大量に並べられたベンチがハイシーズン時の混雑を想像させる。というか、来るたびにベンチの数が増えているような気がするのだけど……。
まずは関東ふれあいのみちの道標と案内板を確認。ついで、東海自然歩道の道標と案内板を確認。そう、ここは自然歩道3コースが交わる要所。おかげで、ここはもう4度目。

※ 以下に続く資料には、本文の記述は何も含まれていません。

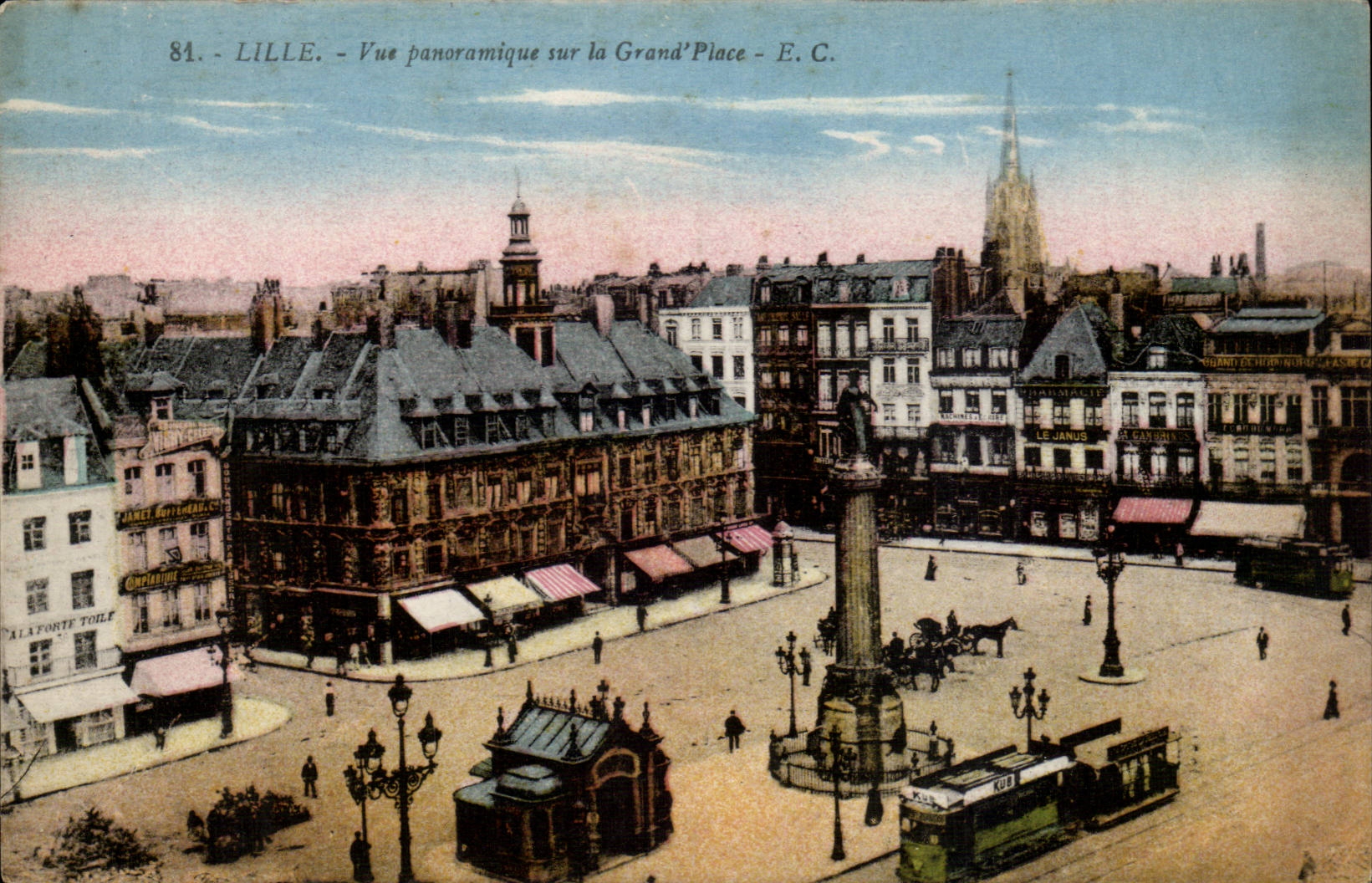 Lille CPA Vue panoramique sur la grand place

他のハイカーは皆、城山茶屋の南側に集まっていた。三々五々、テーブルについて遅めの昼食などを摂っている。高尾山から1時間という距離が、この場所を静かで寛げる空間にしているようだ。とは言え、時々、若者のパーティーが賑やかに通り過ぎていき、この地が首都に程近い山岳であることを思い出させる。

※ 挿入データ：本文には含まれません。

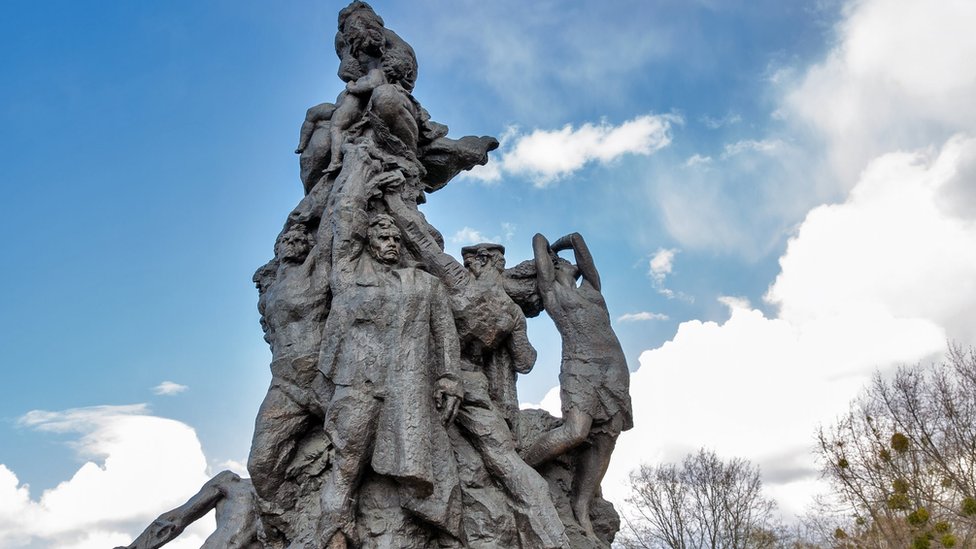 Monumento em homenagem às vítimas de Babi Yar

自分は高尾山側のベンチに座って、関東平野の眺めをつまに昼飯。と言っても、サンドイッチやコンビニお握りの類。普段は時間が無くて歩きながら食べる行動食が多いのだけど、今日は後、残すのは下山だけ。ゆっくりしていられる。
――なんか、不思議な気分。自分が今この場所にいるということに少し違和感を覚える。自分にとっては既に過去に属する場所への再訪だから? そもそも、もう一度この道を歩こうと思い立った理由が不明瞭。
PM2:19、城山山頂から出発、ベタに高尾山を目指す。下りていく道は二手あるけれど、大回りとなる左手の道を選択。
――眼前に高尾山の山体。他の低山と同じく植樹林の緑が目立つ。人が多い、とは言っても山のスケールで見れば微々たるもの。
二つの稜線道は直ぐに合流。東へ向かって真っ直ぐ進む。赤土の関東ローム層――斜面には木の階段が設置され、ぬかるんで歩きにくいところが無いのは流石と言うか。
同じように高尾山に戻っていくハイカーがチラホラいる。下山が少し遅れたのだろう。自分にとっては早すぎる時間とは言え。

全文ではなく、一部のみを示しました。